**Aim of the exercise**
Return the data verbatim, without pictures.

**Material for this exercise**
········

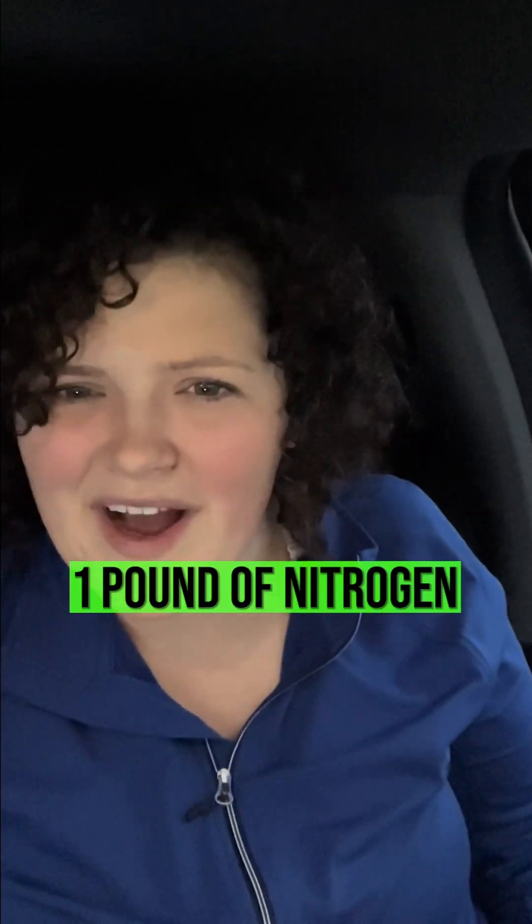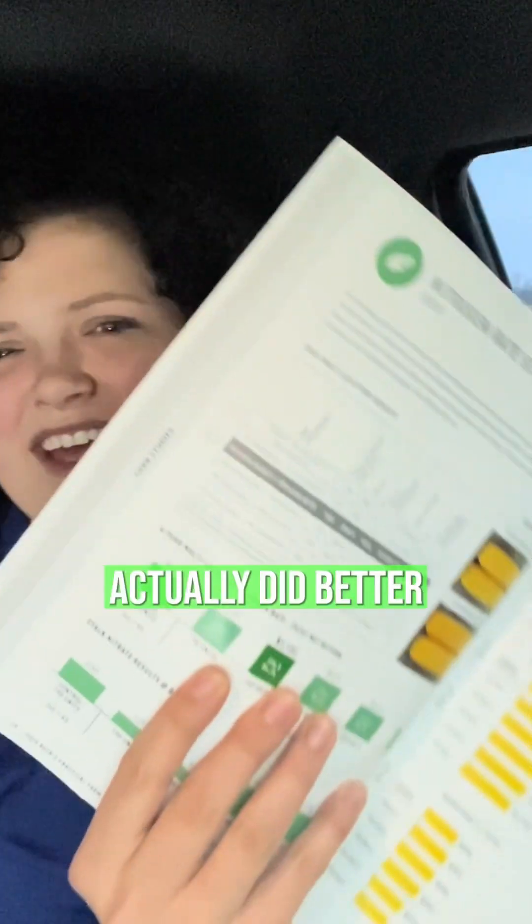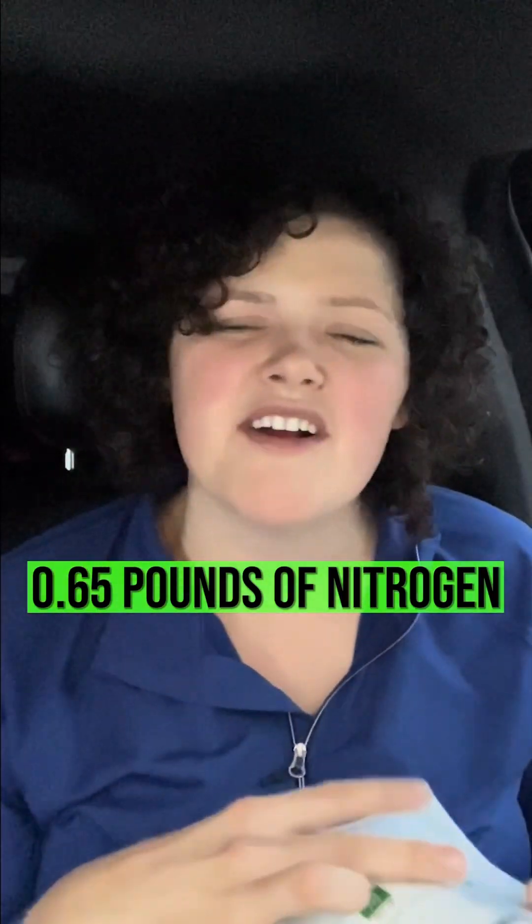The point is the one that won the plot was not one pound of nitrogen per bushel. The one that won the plot was 0.65 — actually did better than the control. So 0.65 pounds of nitrogen per bushel, interestingly enough, did better than the control by $22.94.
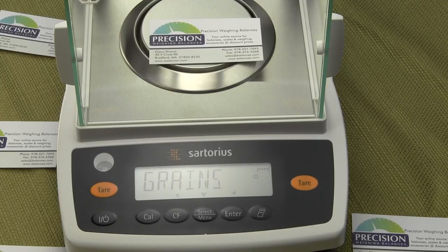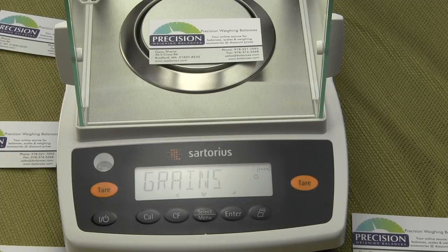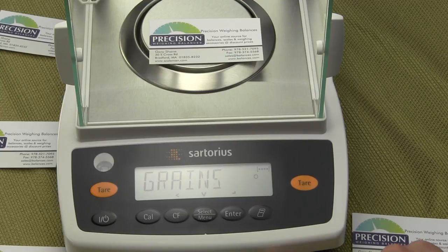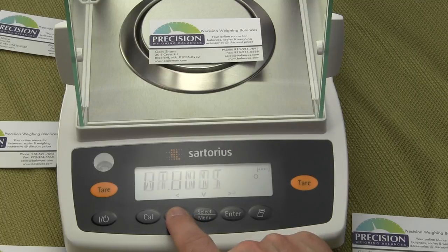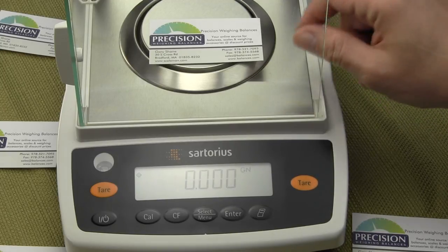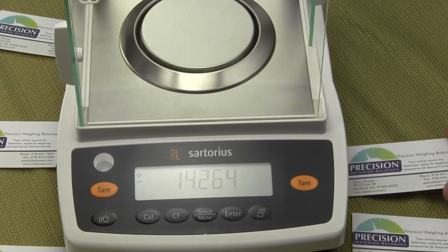If you don't see that circle, it's not going to store the value. Now the primary weigh unit for this balance is set up in grains. We need to get back to the regular startup and exit the configuration mode. To do that, press the clear function key. Since we're in a deep menu tree, press it about four times, and the balance will reset.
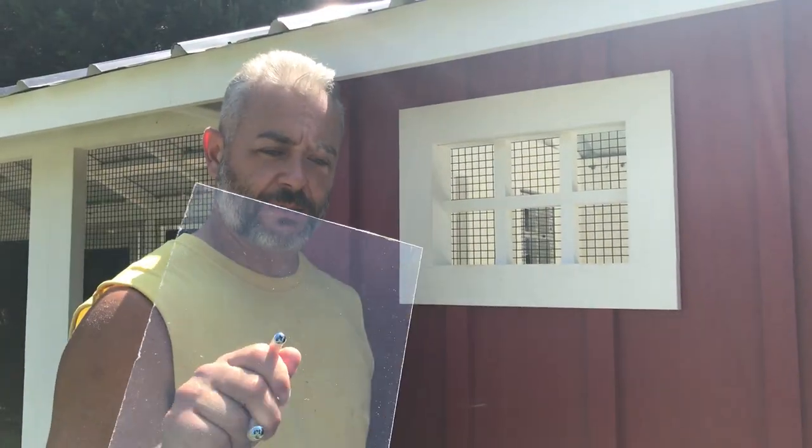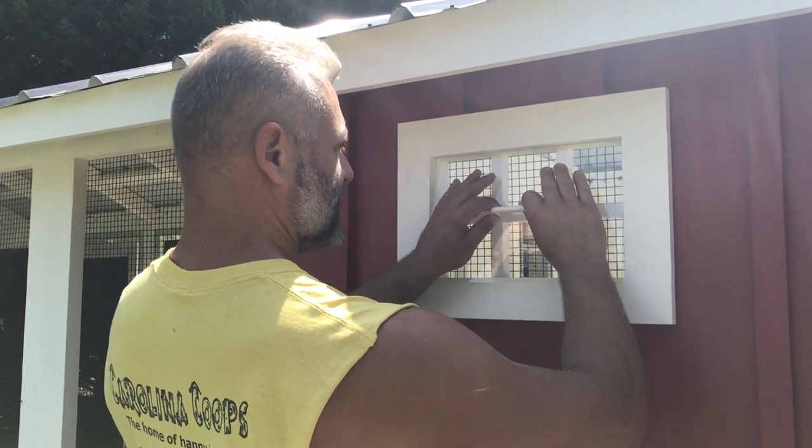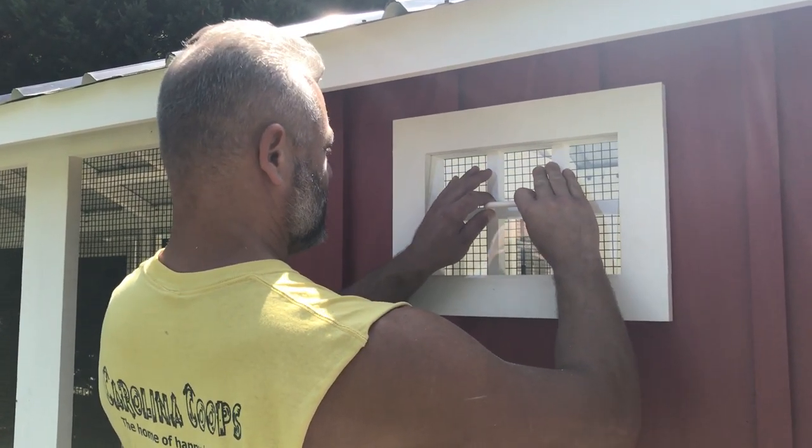Lift up, lift out — there's your polycarbonate window. And when you go to close it, you just reverse the same technique: go up and down, and there's your window.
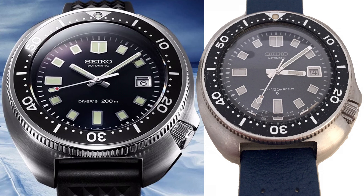Recently, Seiko apparently inadvertently released images of their upcoming 6105 reissue, called SLA-033. In light of that, I thought I'd do a quick little comparison to my original 6105.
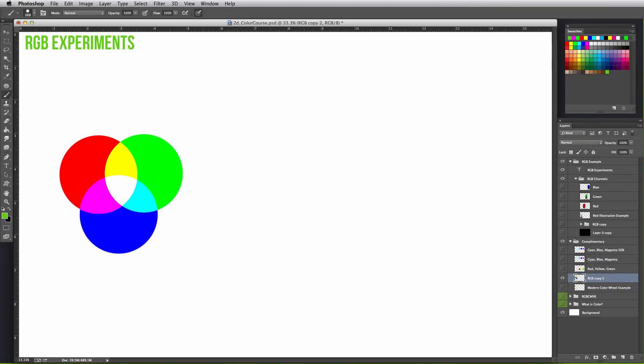As we talked about in the last lesson, since we are working in a digital format and on a computer monitor with no intention to print, we will be working in the RGB color mode.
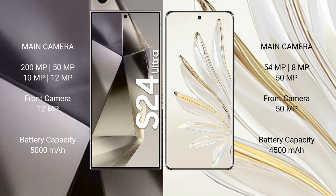Samsung Galaxy S24 Ultra features a quad rear camera setup: 200MP + 50MP + 10MP + 12MP, with a 12MP front camera. Honor 70 Pro features a triple rear camera setup: 54MP + 8MP + 50MP, with a 50MP front camera.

········

**Solution below**
The point is the one that won the plot was not one pound of nitrogen per bushel. The one that won the plot was 0.65 — actually did better than the control. So 0.65 pounds of nitrogen per bushel, interestingly enough, did better than the control by $22.94.
If you don't see that circle, it's not going to store the value. Now the primary weigh unit for this balance is set up in grains. We need to get back to the regular startup and exit the configuration mode. To do that, press the clear function key. Since we're in a deep menu tree, press it about four times, and the balance will reset.
Lift up, lift out — there's your polycarbonate window. And when you go to close it, you just reverse the same technique: go up and down, and there's your window.
Recently, Seiko apparently inadvertently released images of their upcoming 6105 reissue, called SLA-033. In light of that, I thought I'd do a quick little comparison to my original 6105.
As we talked about in the last lesson, since we are working in a digital format and on a computer monitor with no intention to print, we will be working in the RGB color mode.
Samsung Galaxy S24 Ultra features a quad rear camera setup: 200MP + 50MP + 10MP + 12MP, with a 12MP front camera. Honor 70 Pro features a triple rear camera setup: 54MP + 8MP + 50MP, with a 50MP front camera.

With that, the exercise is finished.